Balance
Posted: Mon Feb 13, 2017 5:33 pm
Have been working with several people at the gym, backpackers to rock climbers, to improve their balance, breathing, and focus. Would like to share my findings here with those of you who may be interested in obtaining better balance, posture, poise, either in your backpacking, rock climbing, or just in your everyday life.
There are a myriad of exercise and poses that can help with balance and your hip stabilizing muscles, but one very important one stands above the rest, and if mastered, can significantly improve you balance, whether using it for crossing a log over a swift river, crossing a river, skirting a cliff, climbing a class 5-10 route, or just to maintain good balance as you age.
This is the yoga move called the Tree Pose (Vriksasana), this pose allows you to become grounded with the earth, like the roots of a tree, while teaching one to breathe continuously and steadily. It helps you find your center, improves mental focus, helps improve balance, and also opens up one's hip, strengthens ankles, thighs, and spine. It also stretches the inner thighs, groins, shoulder, chest, and reduces flat feet and relieves sciatica.

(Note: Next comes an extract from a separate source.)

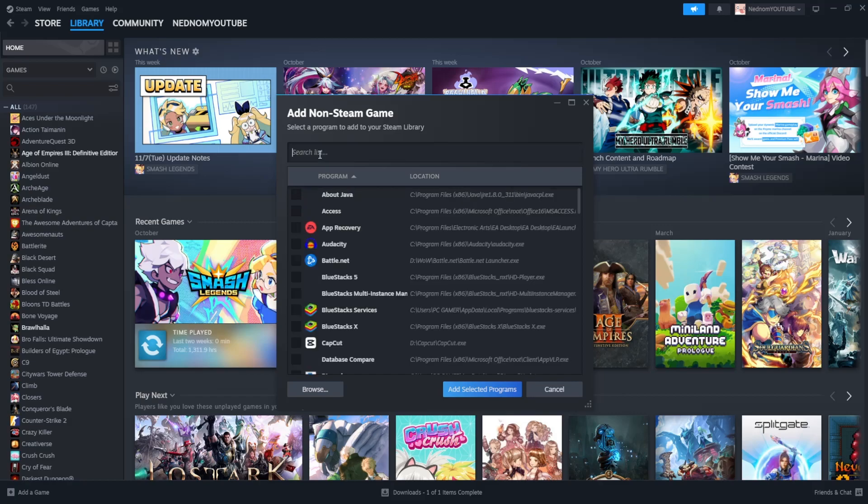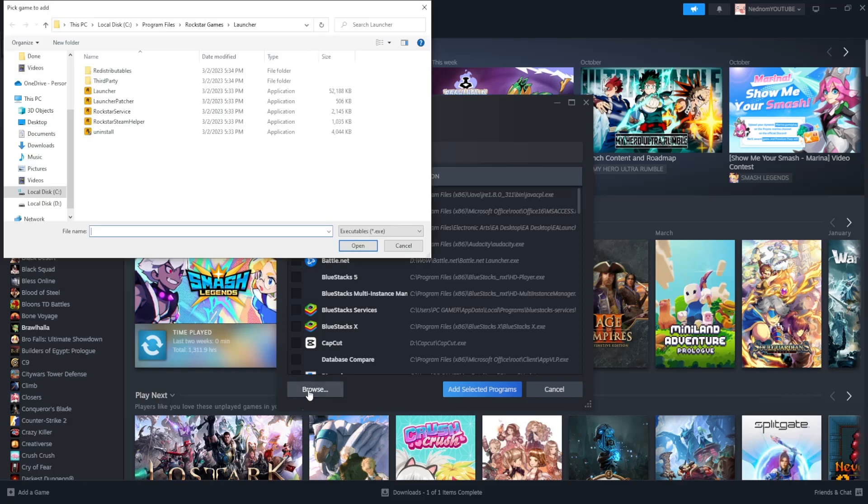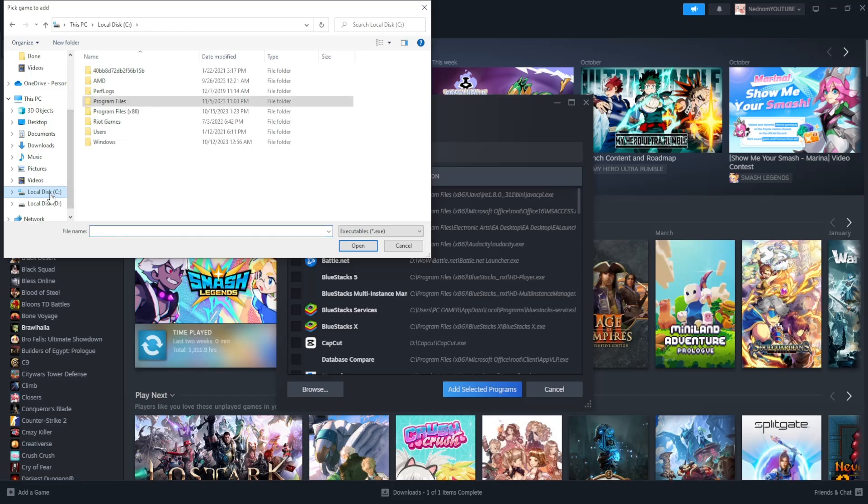If you don't see it, here's what you do. Select browse and then go to the drive that you have installed Roblox on.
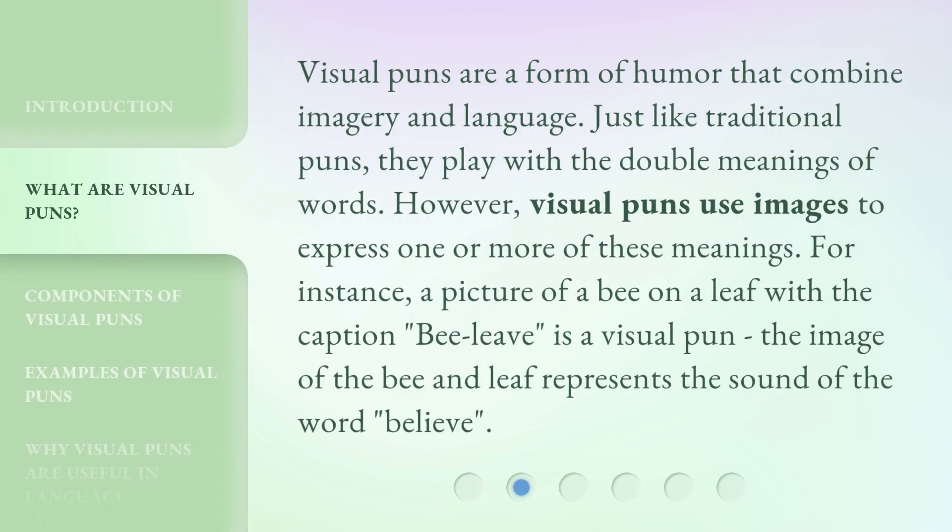Visual puns are a form of humor that combine imagery and language. Just like traditional puns, they play with the double meanings of words. However, visual puns use images to express one or more of these meanings. For instance, a picture of a bee on a leaf with the caption 'bee leaf' is a visual pun. The image of the bee and leaf represents the sound of the word 'believe.'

If you have rock climbed previously, you understand the importance of breathing smoothly and steadily, especially during difficult and precarious moves. If one does not incorporate steady, monotone breathing, it will become rapid, the focus will be lost, and panic will set in. This example lends itself to crossing a log/river or any other situation where concentration, focus, and balance are required.
Exercise Description:
You should shift weight onto one leg, say the left leg, with the entire sole of the left foot remaining in full contact alignment. You can raise your hands above the head along the ears with or without clasping them together or you can clasp your hands in front of your chest like the worshipping. You can remain in this position for 20 seconds and 60 seconds. You can then return to standing pose or Tadasana while slowly exhaling. You can repeat this Vriksasana on the other leg with the ground. You should now bend the right knee and place the right foot on your inner thigh, like in a half lotus position, inhaling slowly when you move the right leg. In the initial stages, you can use your hands to place your right foot on the left inner thigh. The toes of the right foot should point directly downwards. The left foot, the center of your pelvis, the shoulders, and your head should remain firm in a vertical.
Once you can hold the pose easily for 30 sec, hold a light plate, dumbbell, or an elastic band in one hand, to throw off you center of gravity, this will recruit even more stabilizer muscles and recruit your core muscles even more intensely. One can then progress to a very difficult variation, standing on a Bosu Ball, which will increase the intensity and balance required, and then later incorporate weights or band to this variation.
Few notes:
Always do this pose barefoot.
Widen your toes, distribute your weight evenly between them, exhale steadily and deeply into the ground thru your leg, ankle, and foot.
There are a myriad of exercise and poses that can help with balance and your hip stabilizing muscles, but one very important one stands above the rest, and if mastered, can significantly improve you balance, whether using it for crossing a log over a swift river, crossing a river, skirting a cliff, climbing a class 5-10 route, or just to maintain good balance as you age.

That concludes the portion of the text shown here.